Sounds good! Next question, have you set the bind type for erlang? The default is unbound, which goes along with what I said in the above post, still to quote the docs :
Schedulers will not be bound to logical processors, i.e., the operating system decides where the scheduler threads execute, and when to migrate them. This is the default.
I suppose as you alluded to, there’s quite a few possibilities, and yet I don’t think how the BEAM binds is going to be part of this problem (directly) if you are using the default scheduler bind type. Another question, when you say you see BEAM processes starved for minutes, what are you observing exactly and how?
Also, I know there are some other kernel settings related to irq and io , when it comes to isolating cpus. You may want to check those as well.
Additionally, I agree it doesn’t make sense to specify more than what you actually have hardware wise.
Right now the scheduling is not configured beyond the +S and the schedulers show as unbound.
Another question, when you say you see BEAM processes starved for minutes, what are you observing exactly and how?
We see two loglines that appear normally milliseconds from each other “suddenly” minutes apart - roughly 10% of all runs.
I checked what is done in between and it’s just starting the supervisor (this is in app startup) and I looked at the respective start_link/init functions and they are not waiting (for anything) and are not doing I/O. I/O with filesystem is already done because the previous logline confirms that the reading of configuration files and storing their content in term storage has been done - so I wouldn’t expect to wait minutes for some very cheap BEAM process inits…
Ahh, but how are you logging and observing the logs?
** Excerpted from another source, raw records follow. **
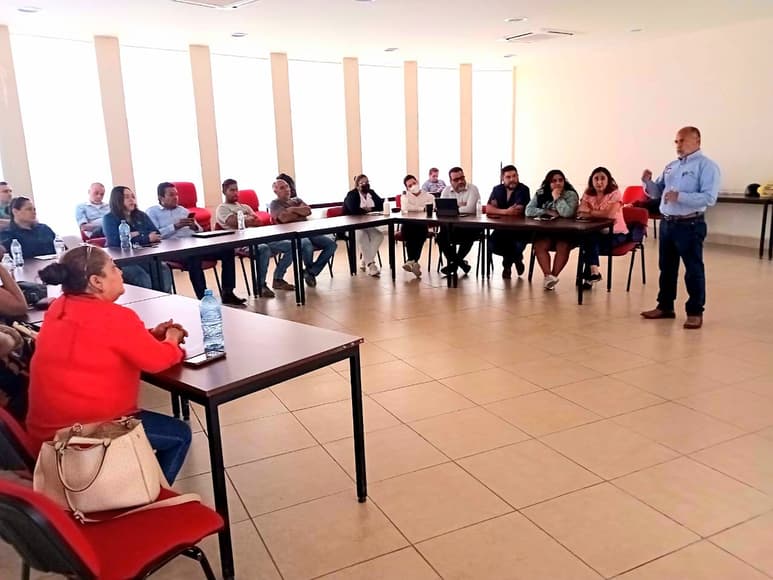 Capacitan al personal de salud en San Pedro para atender casos de rabia y rickettsia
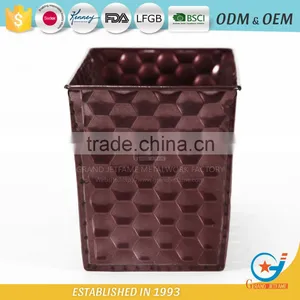 OEM Wholesale Garden Embossing Water Plants in Pots Decoration the Flower Pot thumbnail-2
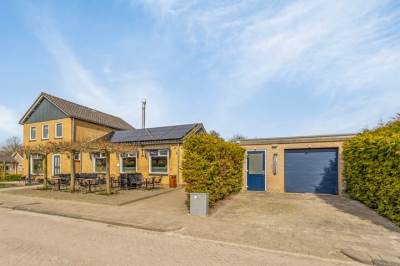 Woning Professor J. C. Dorststraat 2 St.-Jacobiparochie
Are the timestamps from the app or from an external logging application (e.g., journal and promtail, etc.). Not suggesting the indictator is wrong here, but it may be worth removing more variables? Have you looked at what’s going on via top on the server? Or perhaps using perf?
The log is from the default logger, piped through into a file. Timestamps come from within the BEAM app.
In parallel, somebody else is going to activate strace to see if we see a kernel issue, I’m just trying to see if this is a known problem when for example saying +S 12 and in reality you only have 8 cores truly available on some HW variations.